Hadirnya digitalisasi memang cukup menguntungkan dalam hal berteknologi. Semua menjadi mudah dilakukan hanya dengan bantuan alat digital saja.Â
Digitalisasi juga turut memberi efek pada perkembangan dunia jurnalisme. Revolusi digital yang terjadi selama satu dekade terakhir mampu mengubah arus industri media di Indonesia secara signifikan.
Berkembangnya teknologi yang semakin pesat ini membuat kondisi kemerdekaan pers menjadi sangat bertolak belakang dibanding dengan kondisi saat awal teknologi masuk ke Indonesia.
Di awal internet hadir, ia menjadi alat utama untuk menyampaikan informasi secara cepat kepada seluruh masyarakat Indonesia. Namun, seiring berjalannya waktu, khususnya era sekarang justru menjadi boomerang karena internet memengaruhi adanya disrupsi digital pada peran media massa.
Peran media massa tersebut kian bergeser dari penyedia informasi menjadi penyaring informasi. Dalam istilah lain bisa disebut sebagai clearing house of information. Kenapa bisa menjadi penyaring informasi? Karena dengan kemudahan mengakses media massa, banyak orang yang kemudian berbondong-bondong menyampaikan informasi tanpa adanya verifikasi.
Hasilnya, muncul banyak berita-berita hoaks di media massa. Hal ini tentu dapat memicu terjadinya kesalahpahaman dalam masyarakat. Ditambah lagi tingkat literasi masyarakat Indonesia masih terbilang kurang.
Oleh karena itu, di sini peran jurnalis sangat dibutuhkan. Sebagai seseorang yang menjadi jembatan informasi ke masyarakat, jurnalis perlu meningkatkan kualitasnya untuk menghindari banjirnya informasi yang tidak terverifikasi kebenarannya.
Selain itu, hal tersebut juga dilakukan sebagai bentuk persiapan jurnalisme di masa depan. Tentu yang semakin canggih dan banyak tantangan.
Apa yang Bisa dilakukan Jurnalis?
Untuk menyeimbangkan digitalisasi dan disrupsi teknologi media, jurnalis peru memegang teguh pada dua aturan yang sejalan dengan Undang-Undang.

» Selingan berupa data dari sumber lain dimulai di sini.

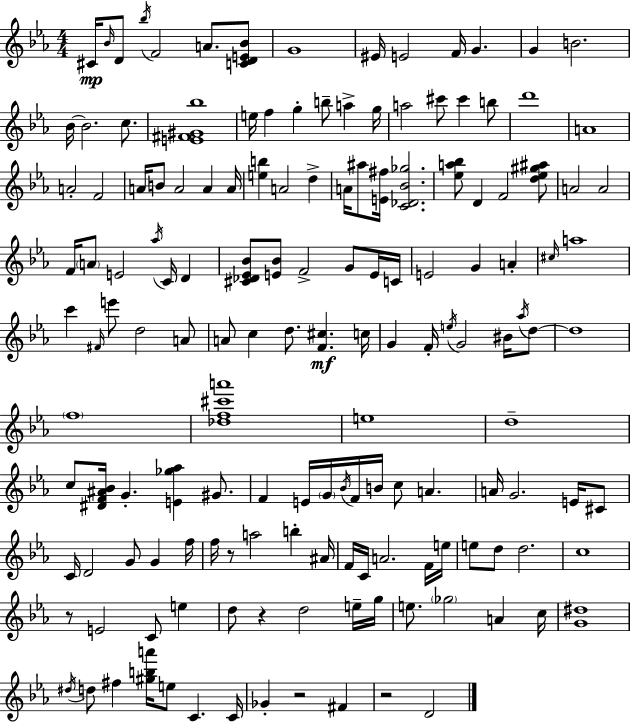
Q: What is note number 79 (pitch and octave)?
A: C5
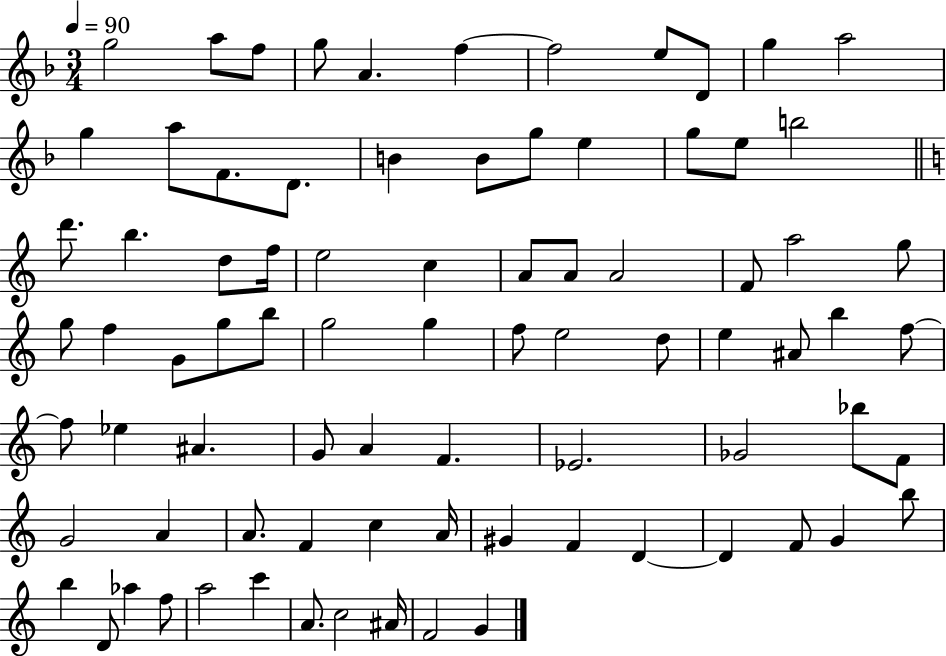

Pertama, jurnalis harus memberikan informasi kepada publik dengan mengingat tugasnya sebagai seorang jurnalis yang menjadi jembatan antara informasi dan masyarakat. Kedua, taat kepada Kode Etik Jurnalistik.

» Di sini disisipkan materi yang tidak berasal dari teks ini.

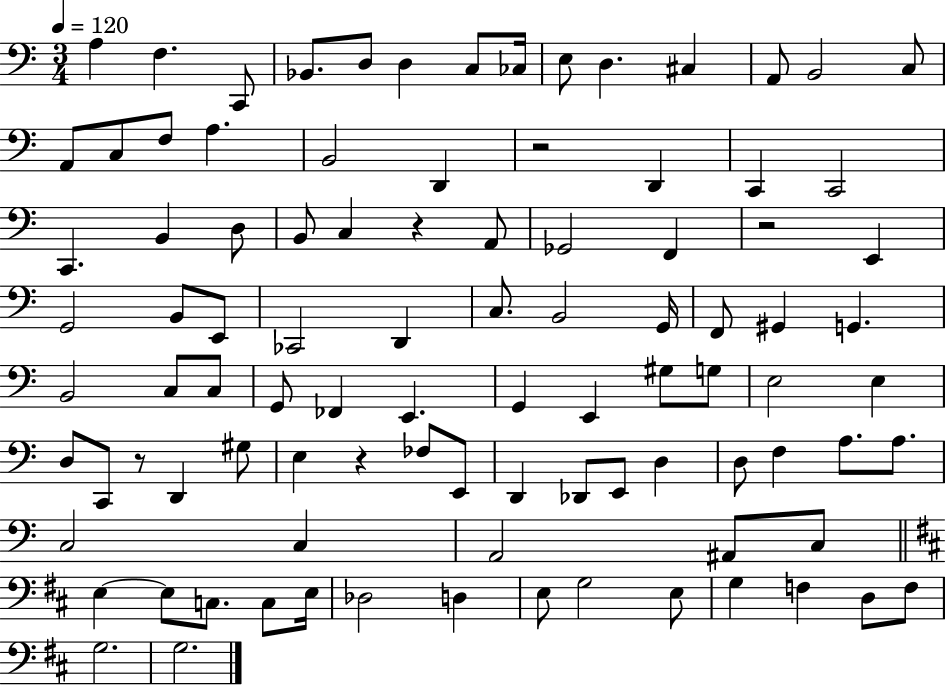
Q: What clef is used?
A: bass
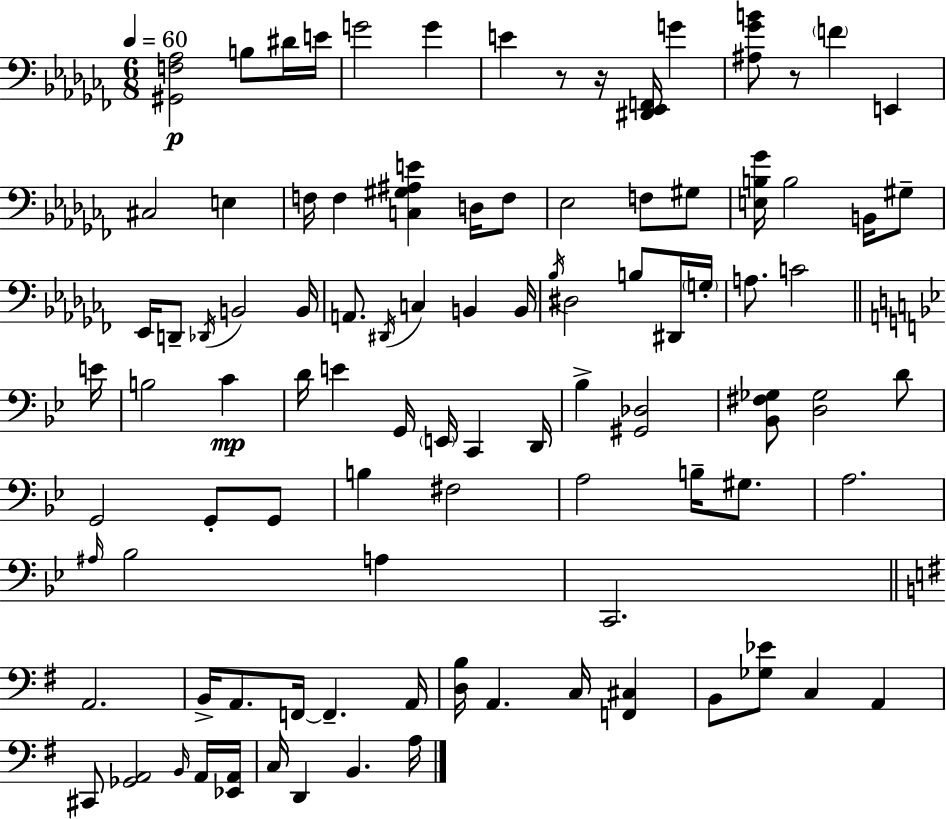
{
  \clef bass
  \numericTimeSignature
  \time 6/8
  \key aes \minor
  \tempo 4 = 60
  <gis, f aes>2\p b8 dis'16 e'16 | g'2 g'4 | e'4 r8 r16 <dis, ees, f,>16 g'4 | <ais ges' b'>8 r8 \parenthesize f'4 e,4 | \break cis2 e4 | f16 f4 <c gis ais e'>4 d16 f8 | ees2 f8 gis8 | <e b ges'>16 b2 b,16 gis8-- | \break ees,16 d,8-- \acciaccatura { des,16 } b,2 | b,16 a,8. \acciaccatura { dis,16 } c4 b,4 | b,16 \acciaccatura { bes16 } dis2 b8 | dis,16 \parenthesize g16-. a8. c'2 | \break \bar "||" \break \key bes \major e'16 b2 c'4\mp | d'16 e'4 g,16 \parenthesize e,16 c,4 | d,16 bes4-> <gis, des>2 | <bes, fis ges>8 <d ges>2 d'8 | \break g,2 g,8-. g,8 | b4 fis2 | a2 b16-- gis8. | a2. | \break \grace { ais16 } bes2 a4 | c,2. | \bar "||" \break \key g \major a,2. | b,16-> a,8. f,16~~ f,4.-- a,16 | <d b>16 a,4. c16 <f, cis>4 | b,8 <ges ees'>8 c4 a,4 | \break cis,8 <ges, a,>2 \grace { b,16 } a,16 | <ees, a,>16 c16 d,4 b,4. | a16 \bar "|."
}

Dalam menghadapi jurnalisme masa depan, jurnalis perlu melaksanakan dua aturan tersebut dengan baik. Tak hanya itu, ada 8 keterampilan jurnalis masa depan yang harus dimiliki, antara lain:
- Cerdas Berbisnis dan Wirausaha
- Pemrogaman
- Berpikir Open Minded dan Eksperimen
- Multimedia storyteller
- Jurnalis Sosial dan Pembangun Komunitas
- Blogger dan Kurator
- Multitalenta
- Keterampilan Jurnalisme Fundamental
Untuk penjelasan lengkapnya, bisa tonton video di sini
Melihat realita pemberitaan saat ini, jika jurnalis hanya melakukan hal yang sama seperti pemberitaan informasi zaman dulu, maka ia tidak akan berumur panjang. Jurnalis perlu membuat inovasi baru dengan memanfaatkan teknologi yang ada.

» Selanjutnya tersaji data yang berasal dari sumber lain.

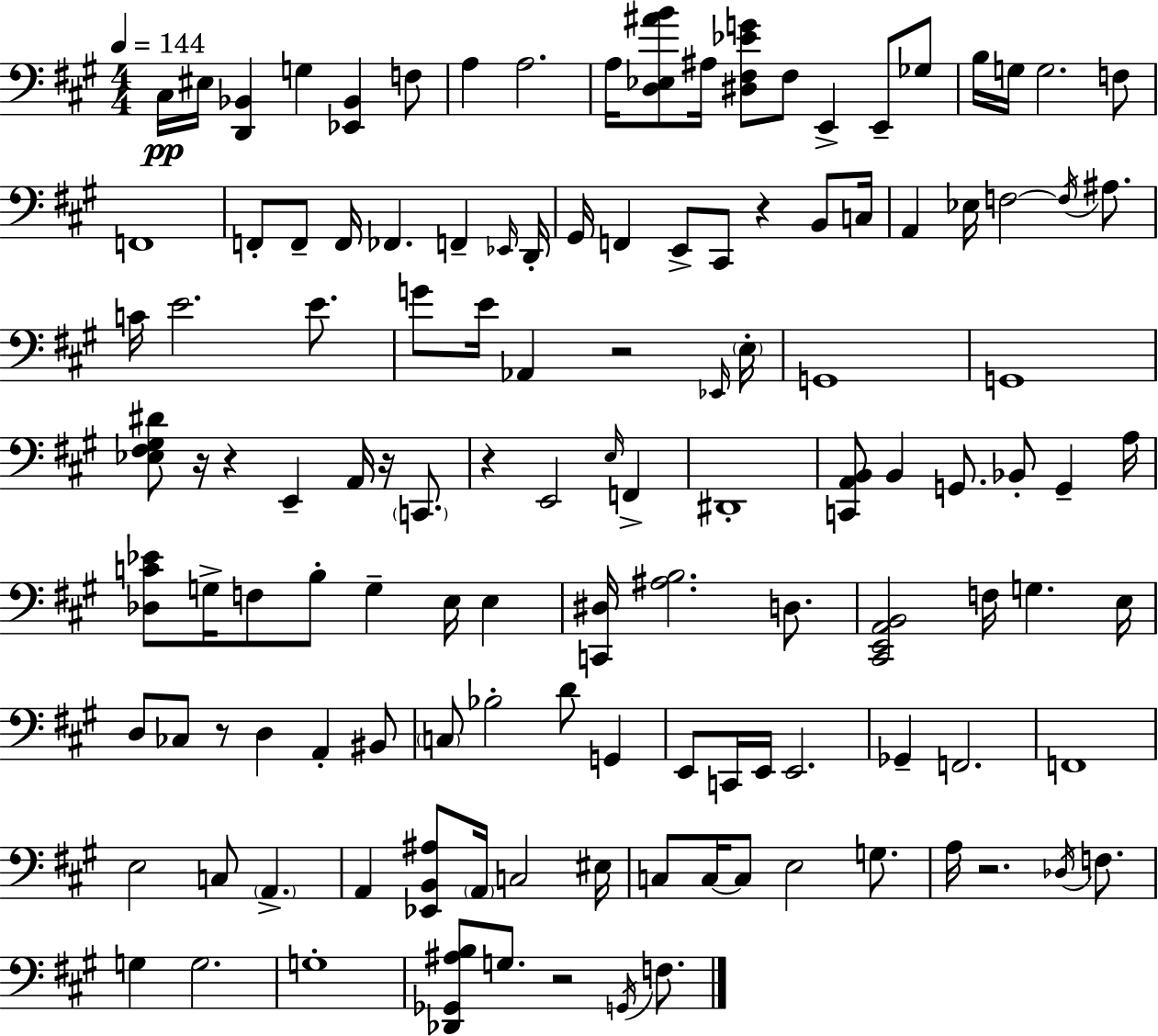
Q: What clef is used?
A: bass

Jika hanya bertahan melakukan sama seperti satu setengah abad yang lalu, maka hal tersebut sudah tidak umum dilakukan oleh jurnalis. Terlebih, jika tetap dilakukan di masa depan maka sudah tidak lagi relevan dengan publik. Sebaiknya jurnalis bisa memanfaatkan teknologi begitu pun sebaliknya.
Dengan semakin berkembangnya teknologi, jurnalis semakin dipermudah dalam membuat maupun memberikan informasi. Karena dengan kecanggihan fitur teknologi yang semakin mumpuni bisa memaksimalkan dalam memproduksi berita. Misalnya dalam hal editing, yang bisa dilakukan sekarang bukan lagi 5W + 1 H melainkan analisa isu.
Agar publik tidak merasa bosan karena melihat pemberitaan yang kerap menyampaikan informasi seragam, jurnalis perlu membuat ‘pembeda’ dari jurnalisme masa kini dengan masa depan. Di sini, peran media massa juga memengaruhi bagaimana perspektif publik nantinya terbentuk. Tak hanya itu, jurnalis juga harus mengingat fungsi dan peran media yakni edukasi, informasi, kontrol sosial, dan hiburan.